Segment Start: Given information
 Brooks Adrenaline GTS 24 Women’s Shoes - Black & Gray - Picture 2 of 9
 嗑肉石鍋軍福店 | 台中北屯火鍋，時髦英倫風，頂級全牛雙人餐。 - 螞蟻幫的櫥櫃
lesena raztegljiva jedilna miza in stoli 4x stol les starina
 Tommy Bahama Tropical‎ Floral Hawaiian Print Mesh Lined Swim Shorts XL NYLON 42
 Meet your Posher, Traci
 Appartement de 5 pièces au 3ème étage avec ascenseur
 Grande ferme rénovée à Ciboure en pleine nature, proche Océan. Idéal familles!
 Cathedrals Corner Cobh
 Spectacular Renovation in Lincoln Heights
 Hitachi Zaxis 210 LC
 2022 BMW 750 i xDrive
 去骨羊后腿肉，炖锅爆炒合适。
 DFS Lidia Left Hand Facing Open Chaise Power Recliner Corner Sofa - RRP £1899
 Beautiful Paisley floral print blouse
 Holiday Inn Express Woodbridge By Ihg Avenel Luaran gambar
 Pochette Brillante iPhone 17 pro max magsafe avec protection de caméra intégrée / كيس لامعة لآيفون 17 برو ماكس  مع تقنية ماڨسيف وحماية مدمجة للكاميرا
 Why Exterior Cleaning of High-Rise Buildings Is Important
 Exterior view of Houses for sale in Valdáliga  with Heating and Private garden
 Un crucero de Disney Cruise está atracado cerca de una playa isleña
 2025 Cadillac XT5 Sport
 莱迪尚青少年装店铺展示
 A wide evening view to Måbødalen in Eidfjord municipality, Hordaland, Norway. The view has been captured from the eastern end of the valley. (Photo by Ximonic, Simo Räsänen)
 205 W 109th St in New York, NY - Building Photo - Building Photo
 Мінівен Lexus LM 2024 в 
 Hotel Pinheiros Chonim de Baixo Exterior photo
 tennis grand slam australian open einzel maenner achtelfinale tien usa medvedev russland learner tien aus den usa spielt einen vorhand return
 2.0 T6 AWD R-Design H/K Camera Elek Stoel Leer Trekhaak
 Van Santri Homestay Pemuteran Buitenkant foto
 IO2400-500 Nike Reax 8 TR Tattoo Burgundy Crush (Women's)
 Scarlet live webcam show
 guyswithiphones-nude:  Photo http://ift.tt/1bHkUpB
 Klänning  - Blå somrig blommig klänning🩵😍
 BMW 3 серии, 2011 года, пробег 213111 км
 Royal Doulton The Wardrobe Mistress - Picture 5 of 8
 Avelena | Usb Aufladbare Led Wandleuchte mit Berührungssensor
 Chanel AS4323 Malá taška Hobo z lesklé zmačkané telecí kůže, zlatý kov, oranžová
Segment End: Given information
- _Your objective_
Beginning at the line with "Holiday Inn Express" and ending at the line with "BMW 3 серии, 2011 года, пробег 213111 км", reproduce each line of the data above exactly, and add no other lines.

- _Response box_
 Holiday Inn Express Woodbridge By Ihg Avenel Luaran gambar
 Pochette Brillante iPhone 17 pro max magsafe avec protection de caméra intégrée / كيس لامعة لآيفون 17 برو ماكس  مع تقنية ماڨسيف وحماية مدمجة للكاميرا
 Why Exterior Cleaning of High-Rise Buildings Is Important
 Exterior view of Houses for sale in Valdáliga  with Heating and Private garden
 Un crucero de Disney Cruise está atracado cerca de una playa isleña
 2025 Cadillac XT5 Sport
 莱迪尚青少年装店铺展示
 A wide evening view to Måbødalen in Eidfjord municipality, Hordaland, Norway. The view has been captured from the eastern end of the valley. (Photo by Ximonic, Simo Räsänen)
 205 W 109th St in New York, NY - Building Photo - Building Photo
 Мінівен Lexus LM 2024 в 
 Hotel Pinheiros Chonim de Baixo Exterior photo
 tennis grand slam australian open einzel maenner achtelfinale tien usa medvedev russland learner tien aus den usa spielt einen vorhand return
 2.0 T6 AWD R-Design H/K Camera Elek Stoel Leer Trekhaak
 Van Santri Homestay Pemuteran Buitenkant foto
 IO2400-500 Nike Reax 8 TR Tattoo Burgundy Crush (Women's)
 Scarlet live webcam show
 guyswithiphones-nude:  Photo http://ift.tt/1bHkUpB
 Klänning  - Blå somrig blommig klänning🩵😍
 BMW 3 серии, 2011 года, пробег 213111 км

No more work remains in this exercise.